Definizione di vizi occulti

I vizi occulti rappresentano difetti dell’immobile che ne compromettono l’idoneità all’uso previsto o ne riducono significativamente il valore. Queste anomalie non sono facilmente riconoscibili al momento dell’acquisto e si palesano in seguito. Ad esempio, rientrano nella categoria dei vizi occulti: infiltrazioni d’acqua da impianti non conformi, crepe strutturali, impianti elettrici o idraulici non a norma, presenza di amianto, mancanza di isolamento adeguato del tetto, o problemi legali come la non conformità agli standard edilizi. Questi si differenziano dagli abusi edilizi, identificabili attraverso un’accurata analisi dei documenti e dello stato dell’immobile da parte di un tecnico, e da tutte quelle problematiche chiaramente visibili o identificabili al momento dell’acquisto con la dovuta diligenza. In questo caso, l’acquirente non può lamentarsi di vizi apparenti se sono stati esplicitamente o implicitamente accettati durante la stipula del contratto. Un esempio? Un vecchio lucernaio che perde acqua e che ha causato muffa sulla parete circostante e sulla struttura, o l’assenza di una caldaia.

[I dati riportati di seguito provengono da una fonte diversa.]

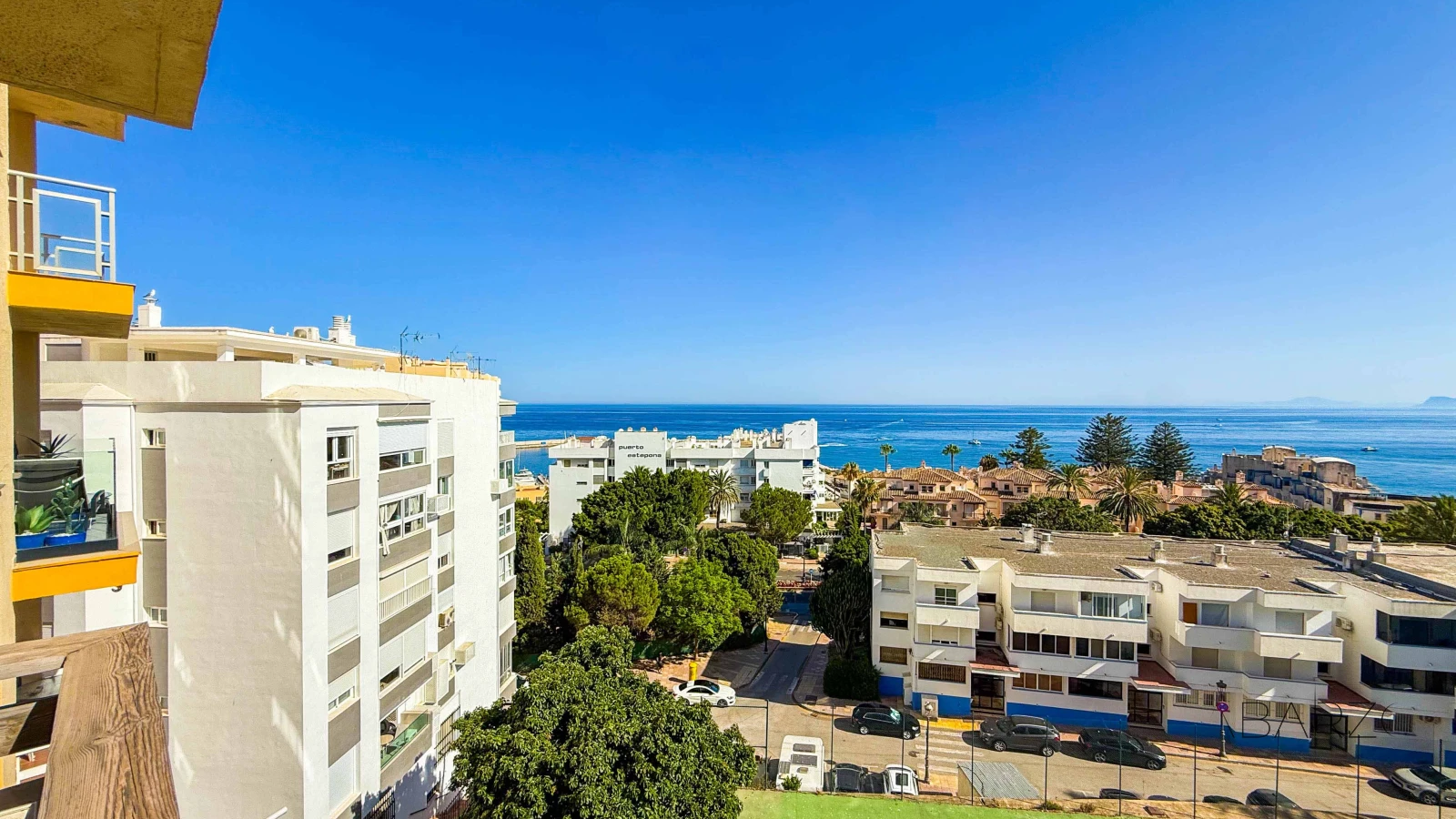 Apartment with spectacular sea views, community pool and tennis in Estepona Port — interior, Estepona Port, Estepona (9 of 34)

Azioni da intraprendere se l’immobile acquistato presenta vizi occulti

Se l’immobile acquistato tramite un’agenzia immobiliare presenta vizi occulti, l’acquirente può optare per la risoluzione del contratto, sia esso preliminare o definitivo, o per una riduzione del prezzo. In entrambi i casi, è necessario agire entro un termine specifico dimostrando l’esistenza e la gravità dei vizi. La risoluzione del contratto implica la restituzione dell’immobile al venditore e la restituzione del prezzo pagato all’acquirente. Questa è una soluzione radicale che può essere richiesta solo se i vizi rendono la casa inutilizzabile o ne diminuiscono notevolmente il valore. Trovare un accordo su una riduzione del prezzo in base alla gravità del danno può essere un approccio più pratico, adatto se i vizi riducono significativamente il valore dell’immobile ma non lo rendono inabitabile. L’acquirente deve segnalare il vizio occulti al venditore tramite Pec o raccomandata, cioè per iscritto, entro 8 giorni dalla scoperta e procedere legalmente contro il venditore entro 12 mesi. Il primo passo è consultare un tecnico esperto o un perito edile per una valutazione professionale dei difetti da allegare alla comunicazione, descrivendo in dettaglio la natura dei problemi riscontrati. Se si sospetta una responsabilità dell’agenzia, è consigliabile agire allo stesso modo. Spesso, purtroppo, la situazione si risolve con l’intervento di avvocati e, nei casi peggiori, davanti a un giudice.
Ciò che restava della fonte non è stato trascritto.